Metropolitan Museum of Art, NYC.


and PIETRO DA SALO' (d. 1563)

Extracted from the Life of Jacopo Sansovino

Giorgio Vasari's Lives of the Artists

Another disciple of Sansovino was Tiziano da Padova [Tiziano Minio], a sculptor, who carved some little figures of marble in the Loggia of the Campanile of San Marco at Venice; and in the same Church of San Marco there may be seen, likewise fashioned and cast in bronze by him, a large and beautiful cover for a basin in bronze, in the Chapel of San Giovanni. This Tiziano had made a statue of St. John, with which were the four Evangelists and four stories of St. John, wrought with beautiful artistry for casting in bronze; but he died at the age of thirty-five, and the world was robbed of an excellent and valiant craftsman. And by his same hand is the vaulting of the Chapel of San Antonio da Padova, with a very rich pattern of compartments in stucco. He had begun for the same chapel a grating of five arches in bronze, which were full of stories of that Saint, with other figures in half-relief and low-relief; but this, also, by reason of his death and of the disagreement of those who had the charge of having it done, remained unfinished. Many pieces of it had already been cast, which turned out very beautiful, and many others were made in wax, when he died, and for the said reasons the whole work was abandoned. The same Tiziano, when Vasari executed the above-described decorations for the gentlemen of the Company of the Calza in Canareio, made for that work some statues in clay and many terminal figures. And he was employed many times on ornaments for scenic settings, theatres, arches, and other suchlike things, whereby he won much honour; having executed works all full of invention, fantasy, and variety, and above all with great rapidity.

Pietro da Salo' also was a disciple of Sansovino; and after having toiled at carving foliage until the age of thirty, finally, assisted by Sansovino, who taught him, he set to make figures of marble. In which he so delighted, and studied in such a manner, that in two years he was working by himself; to which witness is borne by some passing good works by his hand that are in the tribune of San Marco, and the statue of a Mars larger than life that is in the facade of the Palazzo Pubblico, which statue is in company with three others by the hands of good craftsmen. He also made two figures in the apartments of the Council of Ten, one male and the other female, in company with two others executed by Danese Cattaneo, a sculptor of the highest reknown, who, as will be related, was likewise a disciple of Sansovino; which figures serve to adorn a chimney-piece. Pietro made, in addition, three figures that are at Santo Antonio, in the round and larger than life; and these are a Justice, a Fortitude, and a statue of a Captain-General of the Venetian forces, all executed with good mastery.

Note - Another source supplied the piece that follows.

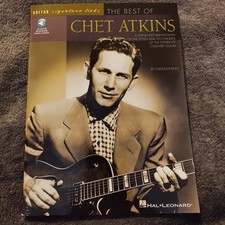 Chet Atkins Guitar Method Book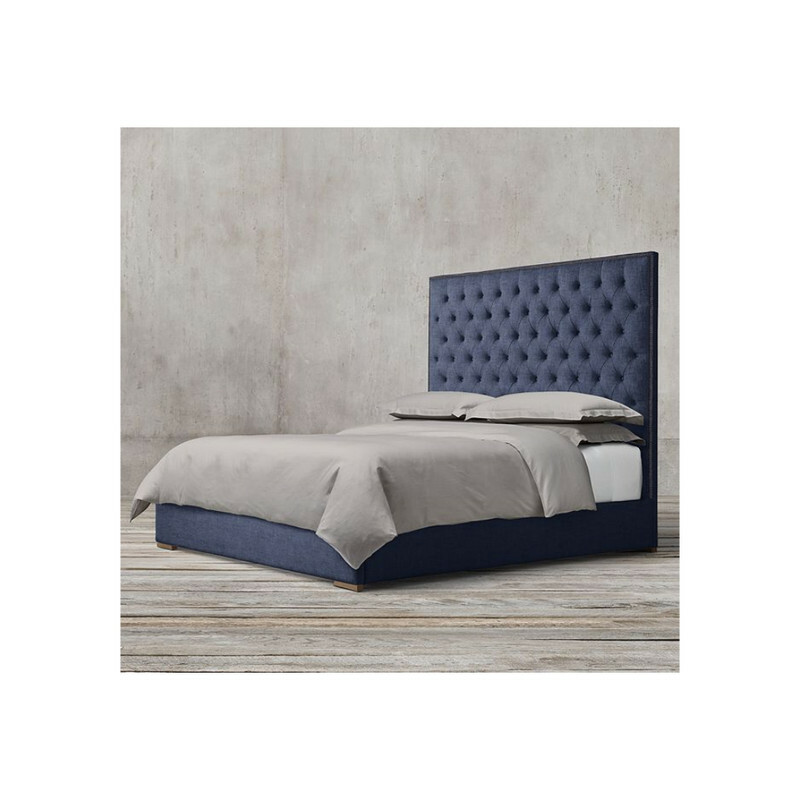 تخت خواب دونفره مدل آریا سایز 160×200 سانتی متر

He also made a statue of Justice with a beautiful attitude and good design, which was placed upon a column in the Piazza of Murano, and another in the Piazza del Rialto in Venice, as a support for that stone where public proclamations are made, which is called the Gobbo [Hunchback] di Rialto; and these works have made him known as a very good sculptor. For the Santo, in Padua, he made a very beautiful Thetis; and a Bacchus who is squeezing a bunch of grapes into a cup, which figure, the most difficult that he ever executed, and the best, he left at his death to his children, who have it sill in their house, seeking to sell it to him who shall best recognize and reward the labor that their father endured for it.